CNBC Daily Open: Investors are gearing up for Trump 2.0

CNBC Daily Open: Investors are gearing up for Trump 2.0


The New York Stock Exchange on Nov. 25, 2024.

Brendan McDermid | Reuters

This report is from today’s CNBC Daily Open, our international markets newsletter. CNBC Daily Open brings investors up to speed on everything they need to know, no matter where they are. Like what you see? You can subscribe here.

What you need to know today

Stabilizing the yuan a priority for Beijing
The offshore Chinese yuan has weakened more than 3% against the U.S. dollar, presenting headaches for Beijing, which wants to avoid currency volatility even as a cheaper yuan boosts exports. On Monday, China left its benchmark lending rates unchanged, suggesting that keeping the yuan stable is taking precedence over boosting the domestic economy.

Slowing Chinese investment in the U.S.
Chinese investments in the U.S. have slowed drastically in recent years, according to the latest American Enterprise Institute data. Just $1.66 billion flowed into the U.S. in 2023, down sharply from $46.86 billion in 2017. That trickle’s not likely to pick up during U.S. President-elect Donald Trump’s second term because of “an ideological mismatch,” analysts said.

First winning week for U.S. stocks in 2025
Markets in the U.S. rose on Friday to end the week higher for the first time in 2025. Asia-Pacific markets climbed on Monday. During the trading day, Hong Kong’s Hang Seng index jumped to its highest level since Dec. 31. Mainland China’s CSI 300 added around 0.5% as Beijing kept its loan prime rates unchanged.

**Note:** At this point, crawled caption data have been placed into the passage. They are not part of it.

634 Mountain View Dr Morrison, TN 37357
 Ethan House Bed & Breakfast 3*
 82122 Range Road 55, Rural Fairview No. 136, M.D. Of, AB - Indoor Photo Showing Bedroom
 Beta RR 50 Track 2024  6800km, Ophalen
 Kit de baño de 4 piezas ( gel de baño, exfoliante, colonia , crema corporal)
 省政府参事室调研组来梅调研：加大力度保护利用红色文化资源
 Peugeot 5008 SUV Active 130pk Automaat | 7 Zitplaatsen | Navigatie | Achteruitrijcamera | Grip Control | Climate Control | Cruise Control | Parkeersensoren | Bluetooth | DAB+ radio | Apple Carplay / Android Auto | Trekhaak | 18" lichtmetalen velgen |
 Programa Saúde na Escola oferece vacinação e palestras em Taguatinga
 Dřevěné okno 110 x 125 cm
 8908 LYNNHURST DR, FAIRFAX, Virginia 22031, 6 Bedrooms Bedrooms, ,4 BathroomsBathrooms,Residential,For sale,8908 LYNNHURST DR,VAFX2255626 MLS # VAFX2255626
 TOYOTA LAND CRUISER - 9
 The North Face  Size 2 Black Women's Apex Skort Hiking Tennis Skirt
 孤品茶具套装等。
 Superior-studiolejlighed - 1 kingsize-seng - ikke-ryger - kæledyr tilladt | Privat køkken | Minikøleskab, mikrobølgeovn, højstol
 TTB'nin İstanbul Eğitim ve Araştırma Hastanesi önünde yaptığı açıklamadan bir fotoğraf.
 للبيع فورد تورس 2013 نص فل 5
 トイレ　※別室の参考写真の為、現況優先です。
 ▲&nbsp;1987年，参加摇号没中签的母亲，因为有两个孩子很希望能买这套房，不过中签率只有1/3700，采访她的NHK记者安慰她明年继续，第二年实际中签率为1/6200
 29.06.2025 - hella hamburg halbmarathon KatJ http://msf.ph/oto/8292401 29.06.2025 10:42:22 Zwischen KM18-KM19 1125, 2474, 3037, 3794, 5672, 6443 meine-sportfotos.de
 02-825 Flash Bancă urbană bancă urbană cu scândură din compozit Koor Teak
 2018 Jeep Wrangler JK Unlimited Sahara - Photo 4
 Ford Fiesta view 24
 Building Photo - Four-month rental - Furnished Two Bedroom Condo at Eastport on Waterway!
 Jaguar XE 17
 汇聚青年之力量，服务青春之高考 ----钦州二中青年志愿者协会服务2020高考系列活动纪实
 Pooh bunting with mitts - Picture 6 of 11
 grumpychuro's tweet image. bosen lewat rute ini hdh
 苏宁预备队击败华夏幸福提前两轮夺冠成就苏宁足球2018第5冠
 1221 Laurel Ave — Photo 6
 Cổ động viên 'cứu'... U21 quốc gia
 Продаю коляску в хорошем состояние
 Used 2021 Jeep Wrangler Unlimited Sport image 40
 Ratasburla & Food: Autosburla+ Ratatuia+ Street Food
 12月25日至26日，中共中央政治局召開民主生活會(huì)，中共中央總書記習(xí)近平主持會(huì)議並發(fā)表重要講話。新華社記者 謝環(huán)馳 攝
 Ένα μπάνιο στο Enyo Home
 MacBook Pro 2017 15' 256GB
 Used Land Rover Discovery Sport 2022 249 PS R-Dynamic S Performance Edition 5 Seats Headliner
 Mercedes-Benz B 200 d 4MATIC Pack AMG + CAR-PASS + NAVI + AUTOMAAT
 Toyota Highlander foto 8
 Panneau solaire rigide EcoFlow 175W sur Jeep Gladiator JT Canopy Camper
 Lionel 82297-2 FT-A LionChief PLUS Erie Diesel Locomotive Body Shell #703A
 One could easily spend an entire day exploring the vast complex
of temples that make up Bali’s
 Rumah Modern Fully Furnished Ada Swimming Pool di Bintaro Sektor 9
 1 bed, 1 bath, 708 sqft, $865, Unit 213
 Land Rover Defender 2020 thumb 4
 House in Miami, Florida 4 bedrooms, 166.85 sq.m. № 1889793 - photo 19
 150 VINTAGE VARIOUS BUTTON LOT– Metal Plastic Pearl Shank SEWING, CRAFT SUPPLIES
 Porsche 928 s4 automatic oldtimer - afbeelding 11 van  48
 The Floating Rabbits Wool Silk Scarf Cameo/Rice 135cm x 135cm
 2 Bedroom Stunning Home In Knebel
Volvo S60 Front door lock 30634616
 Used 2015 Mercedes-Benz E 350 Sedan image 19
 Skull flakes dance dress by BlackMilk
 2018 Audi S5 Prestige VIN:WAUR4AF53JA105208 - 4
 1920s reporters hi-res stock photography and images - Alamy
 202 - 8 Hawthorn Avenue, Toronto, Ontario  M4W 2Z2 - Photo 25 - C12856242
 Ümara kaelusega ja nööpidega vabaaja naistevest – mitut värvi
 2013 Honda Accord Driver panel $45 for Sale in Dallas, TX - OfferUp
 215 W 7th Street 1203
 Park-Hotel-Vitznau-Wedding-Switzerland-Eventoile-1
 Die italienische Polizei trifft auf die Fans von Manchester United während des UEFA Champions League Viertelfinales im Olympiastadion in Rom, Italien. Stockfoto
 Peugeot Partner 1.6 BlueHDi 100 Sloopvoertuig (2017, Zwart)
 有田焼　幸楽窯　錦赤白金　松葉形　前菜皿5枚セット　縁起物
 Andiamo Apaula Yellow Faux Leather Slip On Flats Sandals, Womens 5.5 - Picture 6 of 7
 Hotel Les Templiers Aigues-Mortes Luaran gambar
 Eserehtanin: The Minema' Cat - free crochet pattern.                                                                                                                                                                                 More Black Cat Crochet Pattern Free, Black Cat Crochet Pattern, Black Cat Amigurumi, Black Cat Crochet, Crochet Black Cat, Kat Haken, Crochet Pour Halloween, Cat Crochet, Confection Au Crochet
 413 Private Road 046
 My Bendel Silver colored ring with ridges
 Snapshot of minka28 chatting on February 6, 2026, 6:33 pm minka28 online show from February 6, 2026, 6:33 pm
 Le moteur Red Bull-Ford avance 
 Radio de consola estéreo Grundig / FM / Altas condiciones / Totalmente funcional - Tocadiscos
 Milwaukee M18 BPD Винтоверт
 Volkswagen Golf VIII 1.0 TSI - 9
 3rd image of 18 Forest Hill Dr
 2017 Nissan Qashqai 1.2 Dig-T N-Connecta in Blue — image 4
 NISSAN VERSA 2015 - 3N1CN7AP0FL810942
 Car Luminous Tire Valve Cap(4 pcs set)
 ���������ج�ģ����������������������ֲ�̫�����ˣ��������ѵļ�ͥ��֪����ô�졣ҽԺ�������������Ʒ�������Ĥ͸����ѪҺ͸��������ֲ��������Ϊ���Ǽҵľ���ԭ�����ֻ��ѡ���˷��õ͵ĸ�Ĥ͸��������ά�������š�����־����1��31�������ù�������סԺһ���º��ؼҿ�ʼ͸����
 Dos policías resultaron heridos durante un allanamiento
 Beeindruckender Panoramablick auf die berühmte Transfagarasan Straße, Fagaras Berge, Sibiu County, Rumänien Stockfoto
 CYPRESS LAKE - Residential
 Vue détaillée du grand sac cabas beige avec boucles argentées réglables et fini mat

Clock restarted for TikTok
TikTok said in a statement on X that it’s restoring service in the U.S. after Trump wrote on his social media app Truth Social he would “issue an executive order on Monday” to delay a ban on TikTok. On Saturday, Perplexity AI submitted a bid to TikTok’s parent company ByteDance to create a new merged entity combining Perplexity, TikTok U.S. and new capital partners, CNBC learned.

Trillionaires within a decade, Oxfam predicts
The combined wealth of billionaires surged to $15 trillion from $13 trillion in 2024, according to Oxfam on Sunday. It’s the second-largest annual increase in billionaire wealth since Oxfam records started. With the rate of wealth accumulation by the rich accelerating, the charity organization predicts that there’ll be at least five trillionaires within a decade.

TSMC confident of continued funding under Trump
Taiwan Semiconductor Manufacturing Co expects that it’ll continue to receive the $6.6 billion it was promised under the Biden administration’s CHIPS and Science Act even after Trump takes office, TSMC Chief Financial Officer Wendell Huang told CNBC in an exclusive interview. On the campaign trail, Trump criticized the CHIPS Act and accused Taiwan of stealing the chip business from U.S.

 [PRO] Trump to determine direction of markets
The inauguration of Trump will happen later Monday. Investors will want to keep an eye on what executive orders Trump will sign beginning from the first day of his presidency, especially as they relate to tariffs and corporate policies. Those orders could chart the direction of stocks for much longer than just the near term.

The bottom line

The S&P 500 surged above the shiny 6,000 level following Trump’s election victory but has largely erased all its gains and reverted to its pre-election level in the past few weeks. As Trump prepares to enter the White House, however, it seems like investors are gearing up to play the market based on his agenda again.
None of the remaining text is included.